Anyone have experience with this situation...Coach is always riding 2 or 3 players. These players are at the top of the team, there are another handful of girls who never get a word. Despite not being in position, not showing any drive/not motivated, throwing lazy kicks, etc. So much so that parents are getting angry with coach, even words exchanged and the players notice, 'how come so and so doesn't do anything all game but never gets an earful but coach is always one me? What to do? Anything? Nothing? Suggestions?


----------



## etc1217 (Sep 11, 2016)

It could be that, if these girls are the top of the team, he expects more from them to carry the team and his expectations of the others is exactly what he gets and doesn't foresee them making a big difference if he pushes them.  Whether that is the case or not, there should be a civil conversation with the coach and try not to get heated over what is exchanged.  If the exchange with the coach does not accomplish anything then ride out the season and find another team or coach. It's not worth having the player suffer especially if it is not beneficial for her. My DD was in that same situation years ago and she told us that she didn't like it and I noticed it started to mess with her self-confidence, so she left and went to another team. Don't let a coach do that especially at the younger ages, though the girls might not say that it bothers them, it does hurt their self-esteem making them think they aren't good enough.


----------



## espola (Sep 11, 2016)

etc1217 said:


> It could be that, if these girls are the top of the team, he expects more from them to carry the team and his expectations of the others is exactly what he gets and doesn't foresee them making a big difference if he pushes them.  Whether that is the case or not, there should be a civil conversation with the coach and try not to get heated over what is exchanged.  If the exchange with the coach does not accomplish anything then ride out the season and find another team or coach. It's not worth having the player suffer especially if it is not beneficial for her. My DD was in that same situation years ago and she told us that she didn't like it and I noticed it started to mess with her self-confidence, so she left and went to another team. Don't let a coach do that especially at the younger ages, though the girls might not say that it bothers them, it does hurt their self-esteem making them think they aren't good enough.

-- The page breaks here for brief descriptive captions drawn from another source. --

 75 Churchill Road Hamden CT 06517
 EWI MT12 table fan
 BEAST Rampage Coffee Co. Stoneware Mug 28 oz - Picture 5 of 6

If the coach's criticisms are accurate and delivered in an appropriate manner, they should help the player improve.


----------



## soccerobserver (Sep 11, 2016)

mommato2girls said:


> Anyone have experience with this situation...Coach is always riding 2 or 3 players. These players are at the top of the team, there are another handful of girls who never get a word. Despite not being in position, not showing any drive/not motivated, throwing lazy kicks, etc. So much so that parents are getting angry with coach, even words exchanged and the players notice, 'how come so and so doesn't do anything all game but never gets an earful but coach is always one me? What to do? Anything? Nothing? Suggestions?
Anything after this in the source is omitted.